* Step 1: Sum WORST_CASE(Omega(n^1),?)
    + Considered Problem:
        - Strict TRS:
            diff(X,Y) -> if(leq(X,Y),0(),s(diff(p(X),Y)))
            if(false(),X,Y) -> Y
            if(true(),X,Y) -> X
            leq(0(),Y) -> true()
            leq(s(X),0()) -> false()
            leq(s(X),s(Y)) -> leq(X,Y)
            p(0()) -> 0()
            p(s(X)) -> X
        - Signature:
            {diff/2,if/3,leq/2,p/1} / {0/0,false/0,s/1,true/0}
        - Obligation:
            innermost runtime complexity wrt. defined symbols {diff,if,leq,p} and constructors {0,false,s,true}
    + Applied Processor:
        Sum {left = someStrategy, right = someStrategy}
    + Details:
        ()
* Step 2: DecreasingLoops WORST_CASE(Omega(n^1),?)
    + Considered Problem:
        - Strict TRS:
            diff(X,Y) -> if(leq(X,Y),0(),s(diff(p(X),Y)))

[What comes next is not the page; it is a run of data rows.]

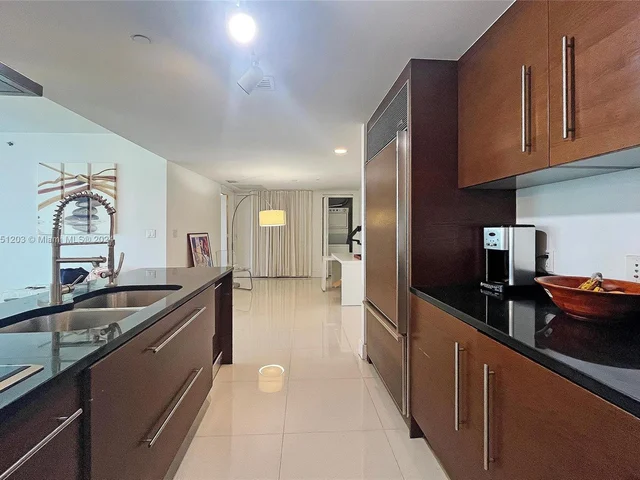 495 Brickell Ave # 520, Miami FL 33131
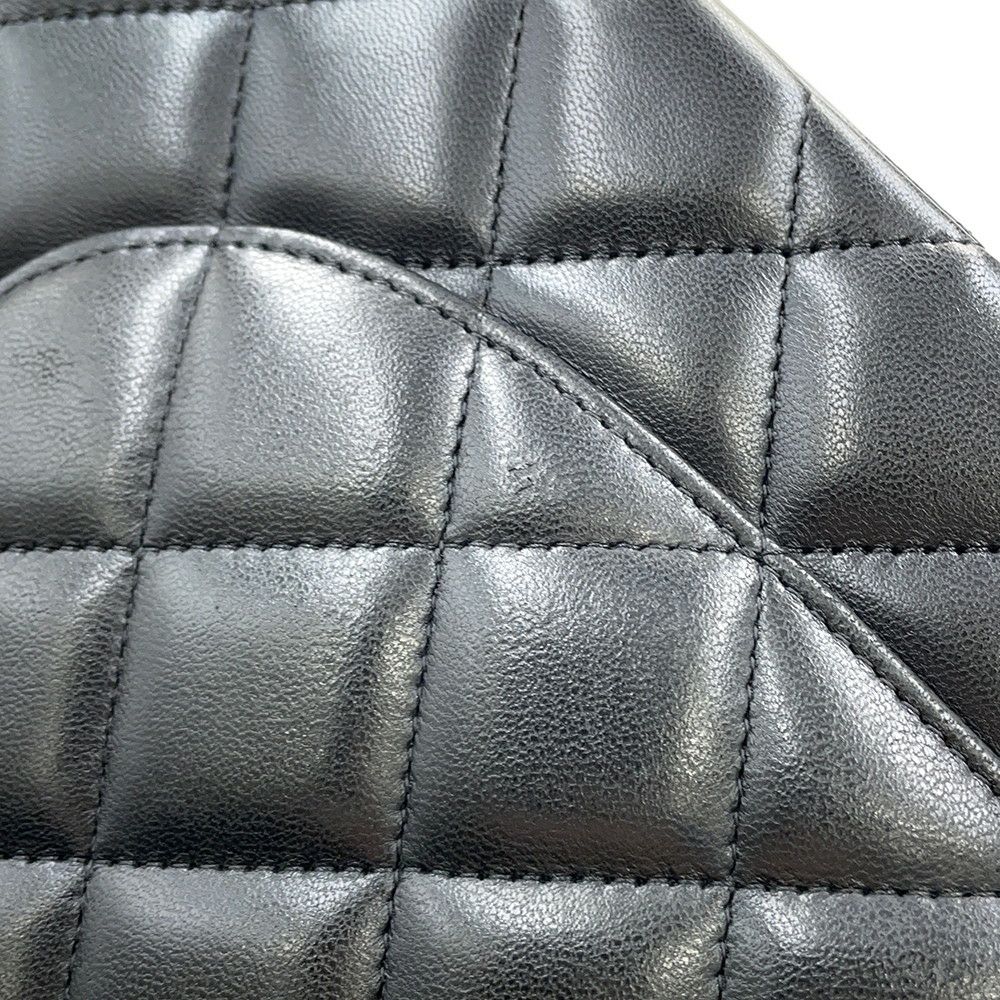 シャネル チェーンショルダーバッグ ココマーク マトラッセ30 ラムスキン A58600 CHANEL 黒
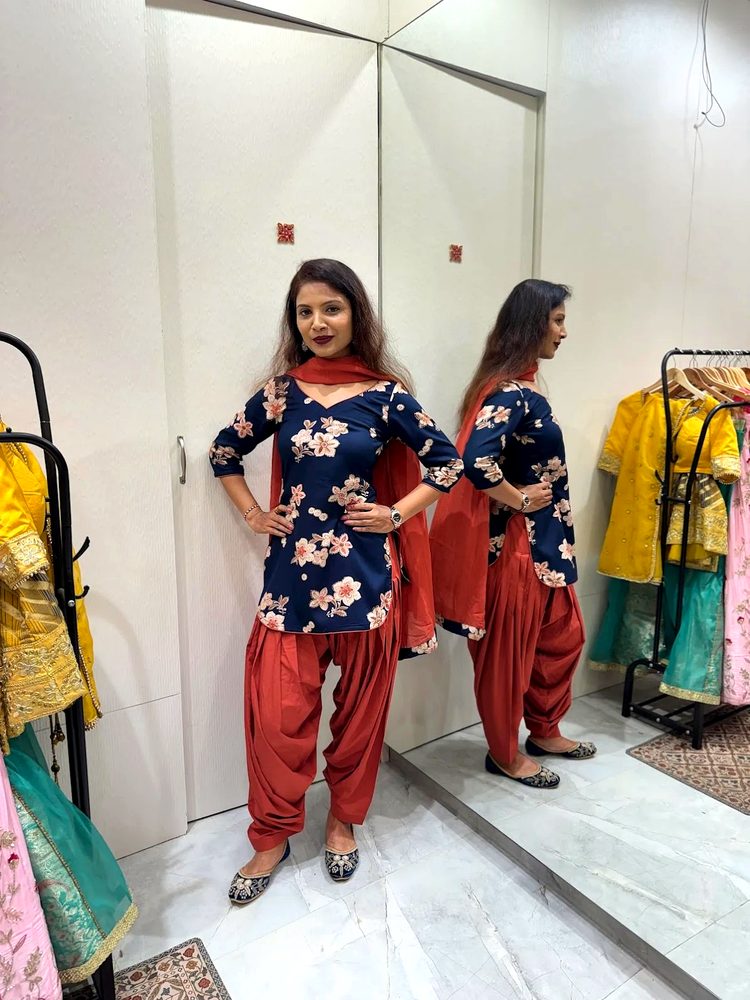 Outfit by Aarya Fashion, reviewed by Priyanka Londhe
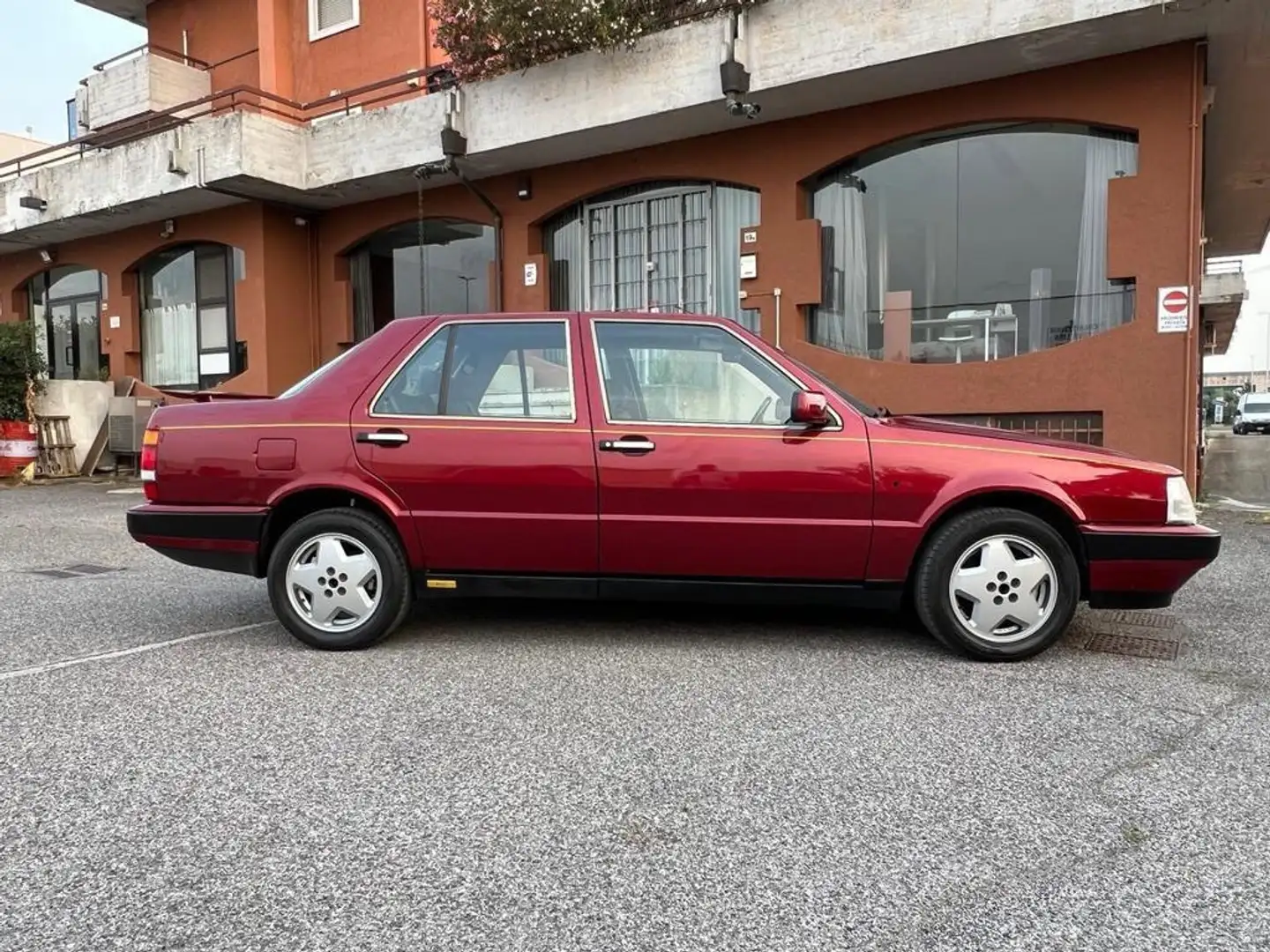 Lancia Thema 832 prima serie Rood - 1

            if(false(),X,Y) -> Y
            if(true(),X,Y) -> X
            leq(0(),Y) -> true()
            leq(s(X),0()) -> false()
            leq(s(X),s(Y)) -> leq(X,Y)
            p(0()) -> 0()
            p(s(X)) -> X
        - Signature:
            {diff/2,if/3,leq/2,p/1} / {0/0,false/0,s/1,true/0}
        - Obligation:
            innermost runtime complexity wrt. defined symbols {diff,if,leq,p} and constructors {0,false,s,true}
    + Applied Processor:
        DecreasingLoops {bound = AnyLoop, narrow = 10}
    + Details:
        The system has following decreasing Loops:
          leq(x,y){x -> s(x),y -> s(y)} =
            leq(s(x),s(y)) ->^+ leq(x,y)
              = C[leq(x,y) = leq(x,y){}]

WORST_CASE(Omega(n^1),?)